» **What you have to do**
Leave out the pictures, and copy exactly the lines from the line with "#17 photo, 35" through the last line of the data below.
────────────────────
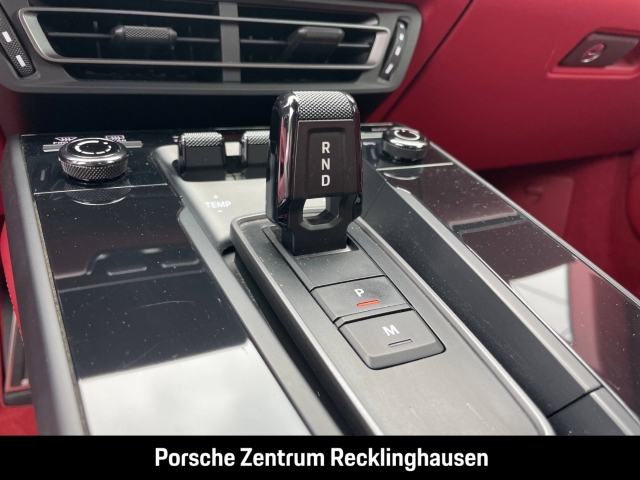 Porsche 992 911 Targa 4 GTS Burmester Sportabgasanlage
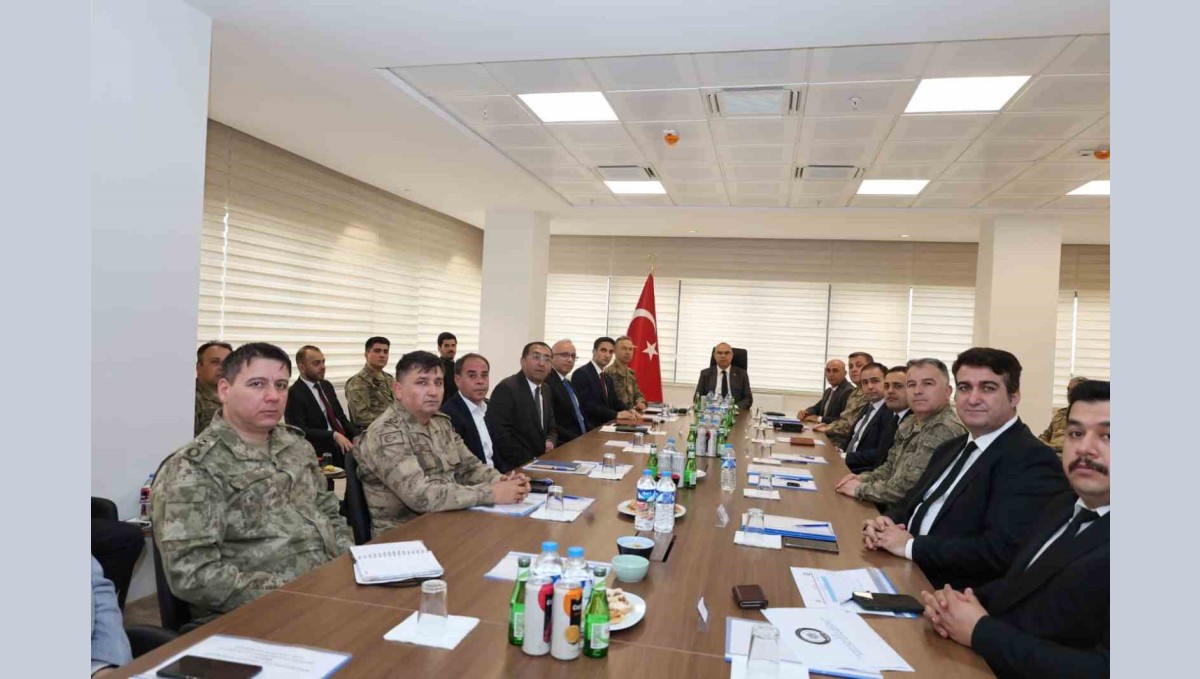 Ağrı'da düzensiz göç ve sınır güvenliği masaya yatırıldı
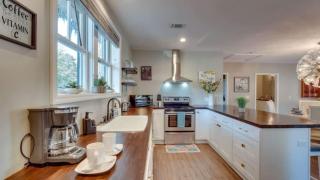 Two Units w Gazebo & Pool-Swanky Savannah Style - 8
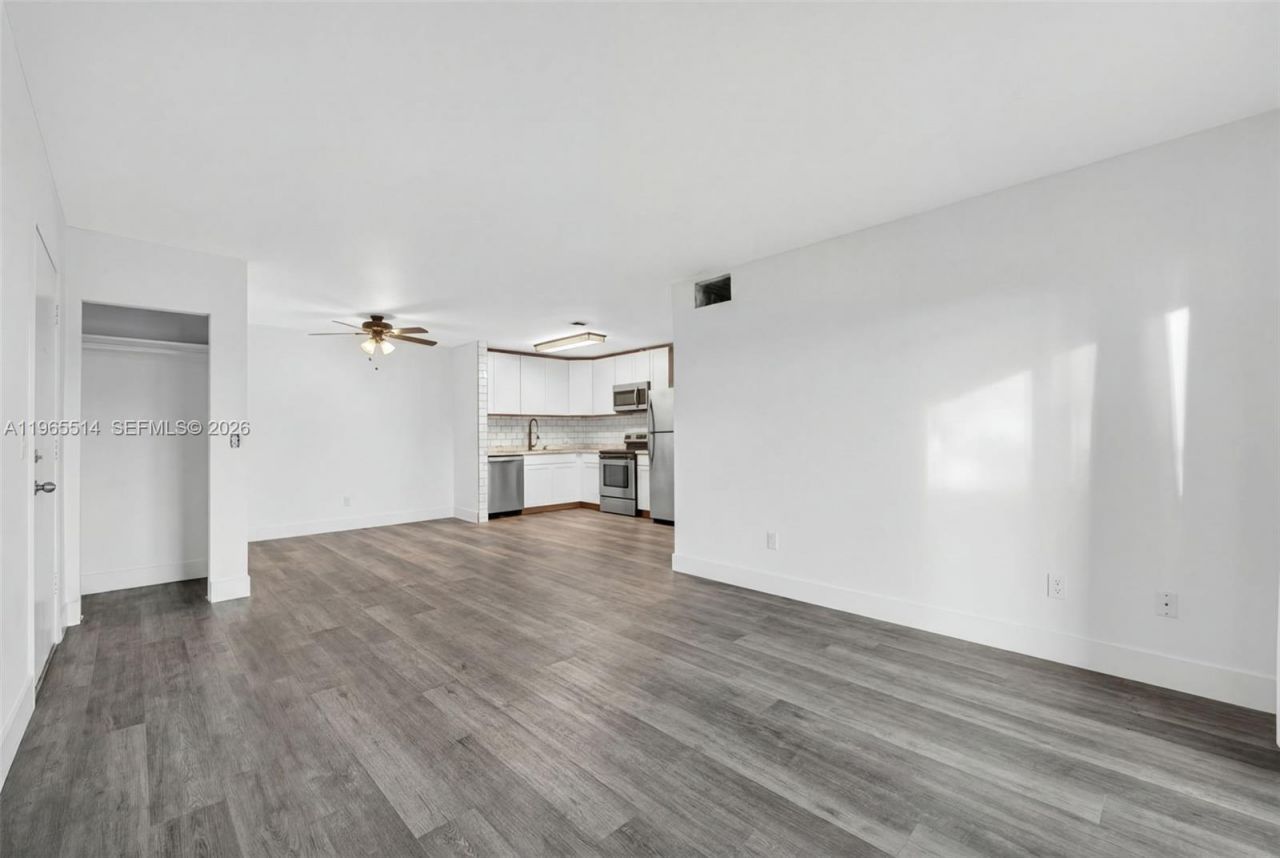 170 Cypress Club Dr , Unit 712, Pompano Beach, FL 33060 Photo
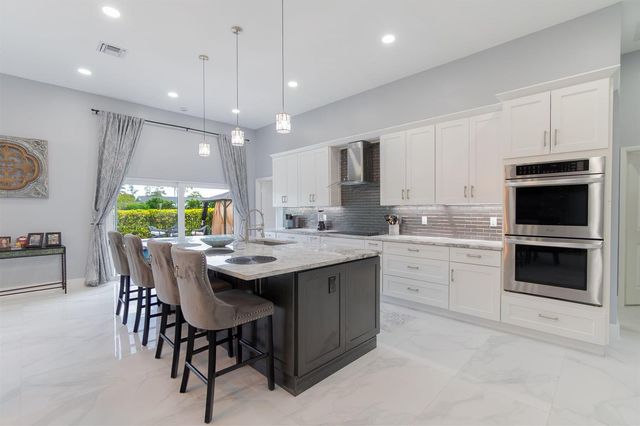 13621 Barberry Drive, Wellington, FL 33414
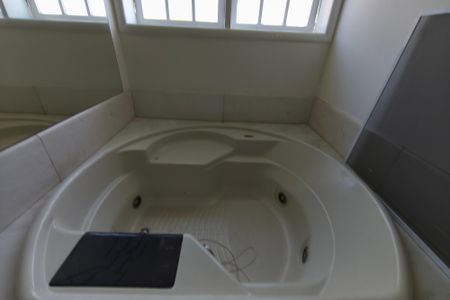 Casa de condomínio para alugar com 350m², 3 quartos e 3 vagas Casa de condomínio para alugar com 350m², 3 quartos e 3 vagasBanheiro Suíte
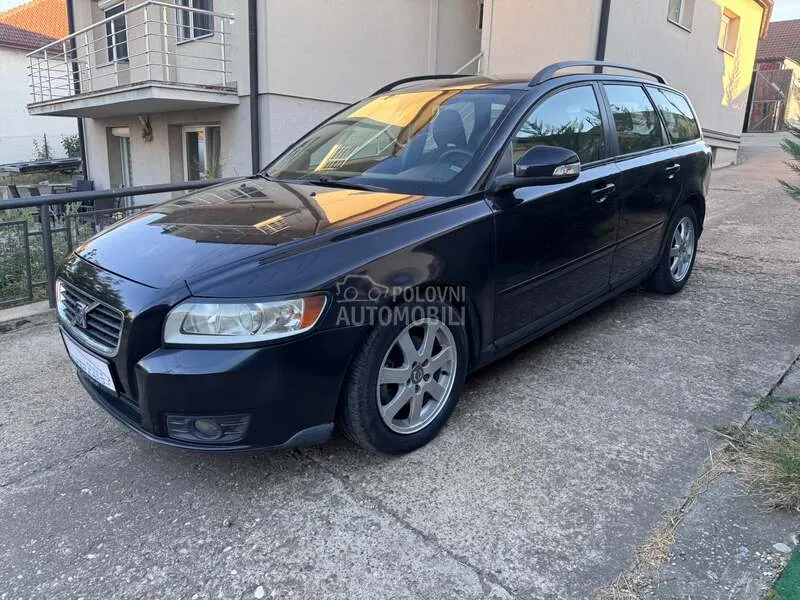 Volvo V50 2010 photo 2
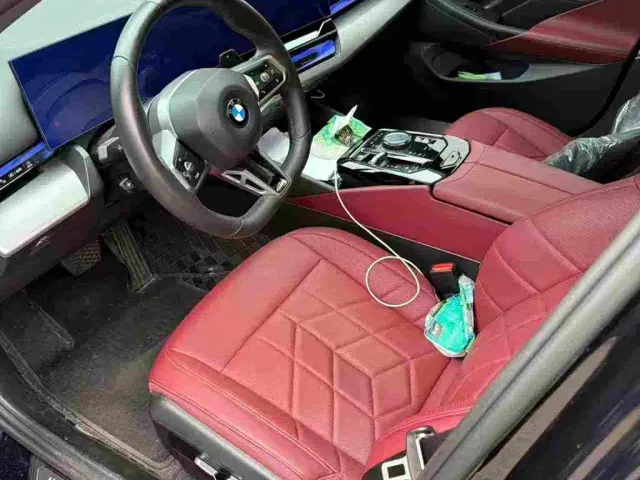 BMW 5 Series — Фото автомобиля 3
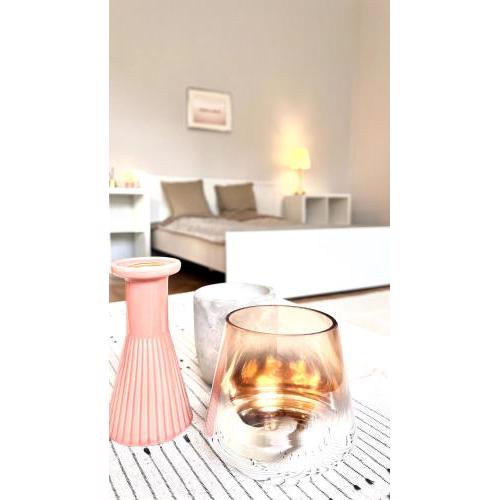 Cozy flat for 4-6 people, Andrassy str -Oktogon area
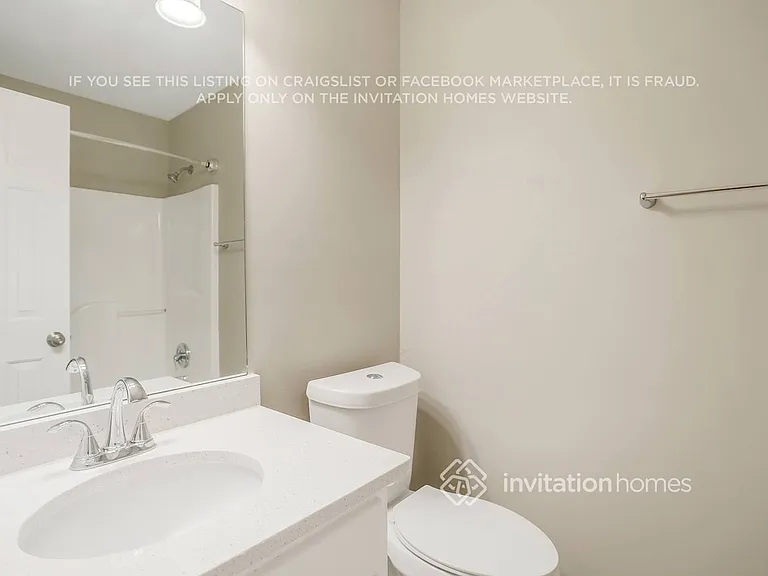 729 Country Lake Ct — Photo 17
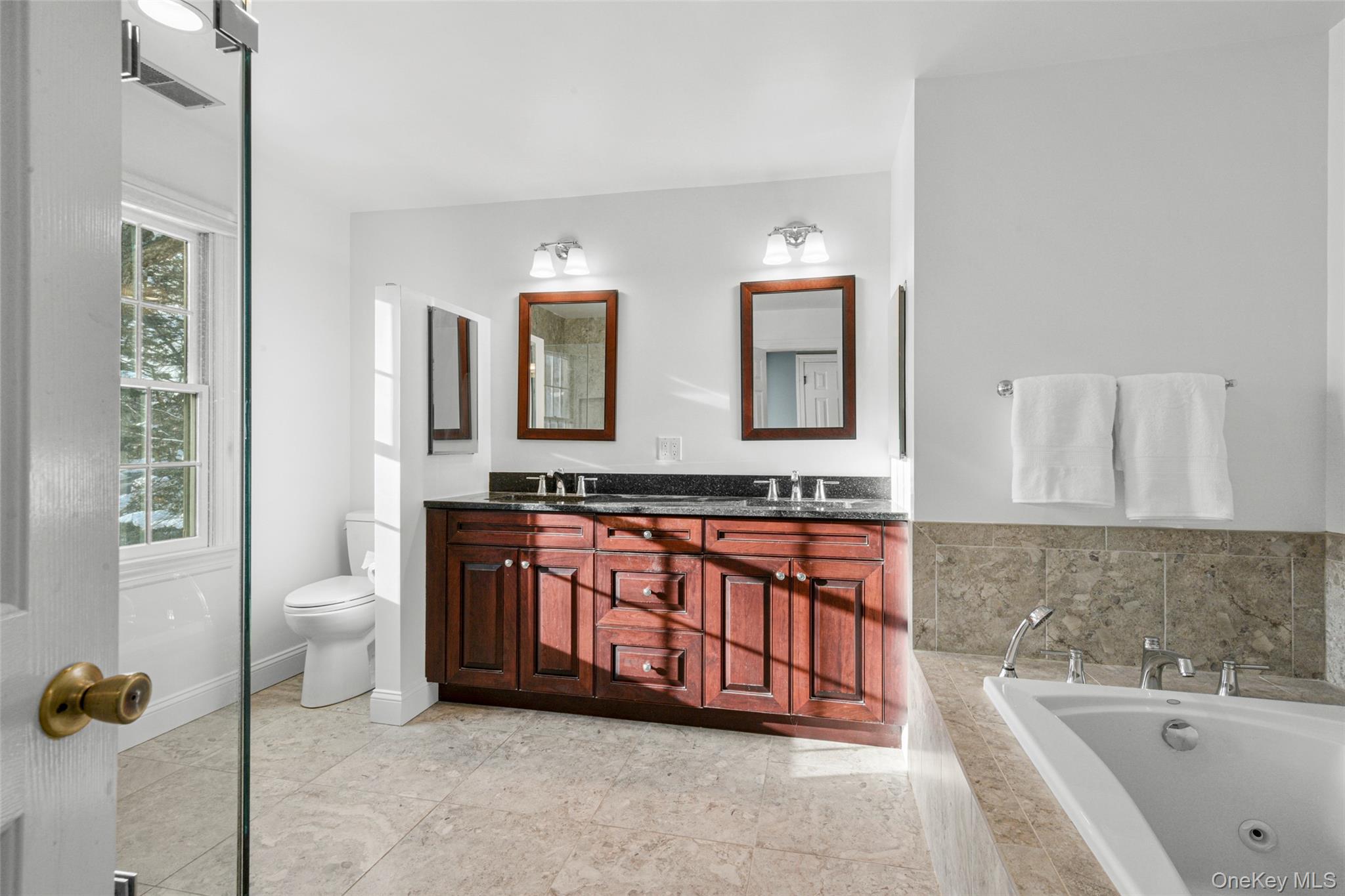 #17 photo, 35 Seton Road, Larchmont , NY 10538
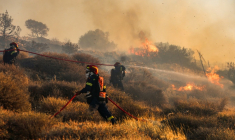 Des pompiers luttent contre le feu près de Ierapetra sur l'île grecque de Crète, le 3 juillet 2025 ( AFP / Costas Metaxakis )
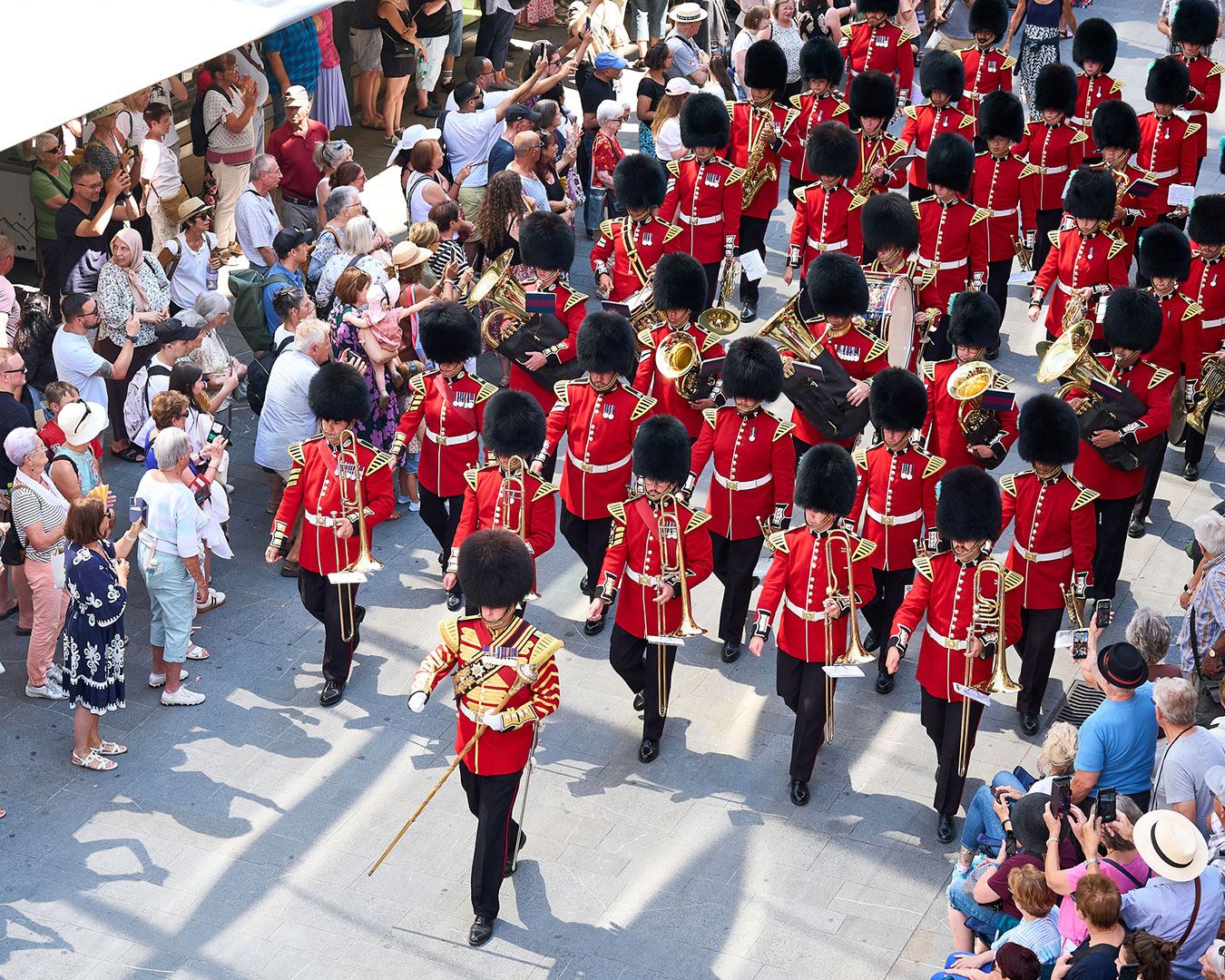 Militärmusikkapelle in roten Uniformen und schwarzen Bärenfellmützen bei der Basel Tattoo Parade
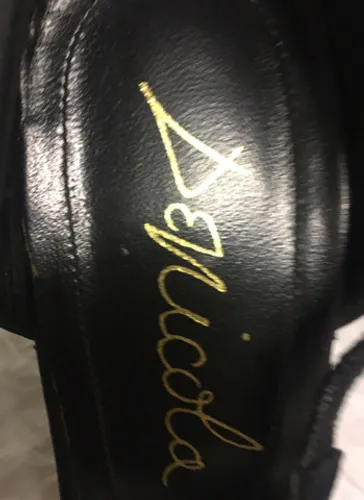 Vendo sapato preto de salto , n 39 de citim preto e dourado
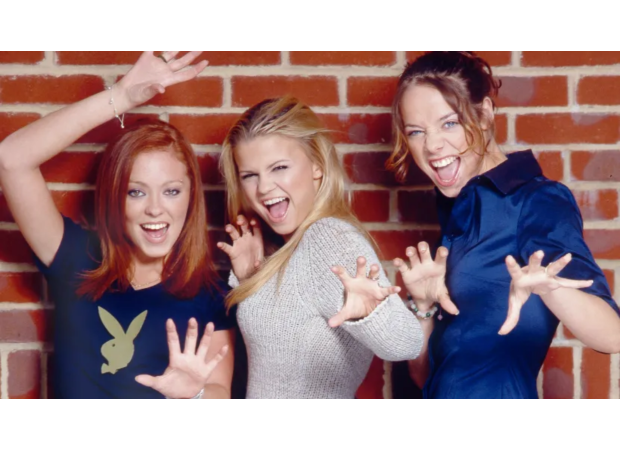 Original member of 00s pop group leaves after 26 years, making it a solo act.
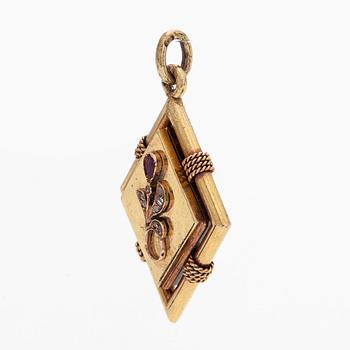 Medaljong, fasettslipad rubin, rosenslipade diamanter, 14K (56) guld, Ryssland 1908-1926.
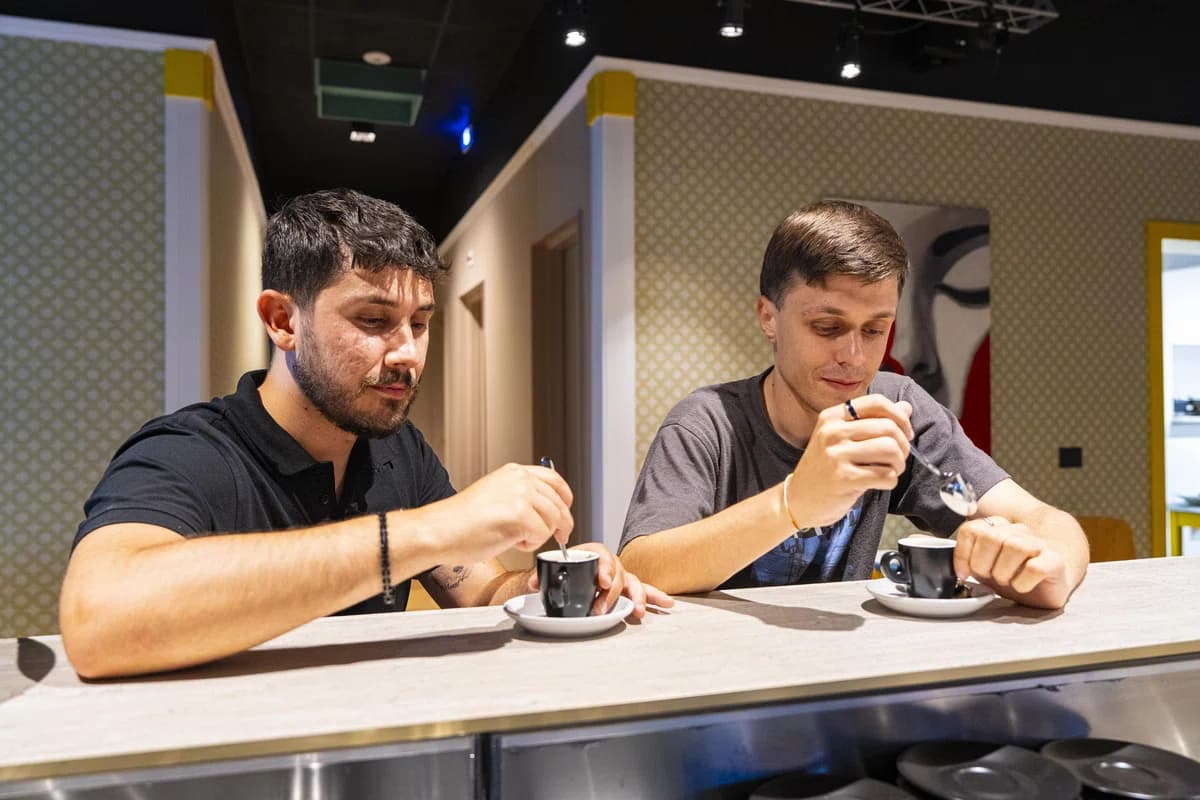 Dettaglio del bancone e del nostro staff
────────────────────
» **Written solution**
 #17 photo, 35 Seton Road, Larchmont , NY 10538
 Des pompiers luttent contre le feu près de Ierapetra sur l'île grecque de Crète, le 3 juillet 2025 ( AFP / Costas Metaxakis )
 Militärmusikkapelle in roten Uniformen und schwarzen Bärenfellmützen bei der Basel Tattoo Parade
 Vendo sapato preto de salto , n 39 de citim preto e dourado
 Original member of 00s pop group leaves after 26 years, making it a solo act.
 Medaljong, fasettslipad rubin, rosenslipade diamanter, 14K (56) guld, Ryssland 1908-1926.
 Dettaglio del bancone e del nostro staff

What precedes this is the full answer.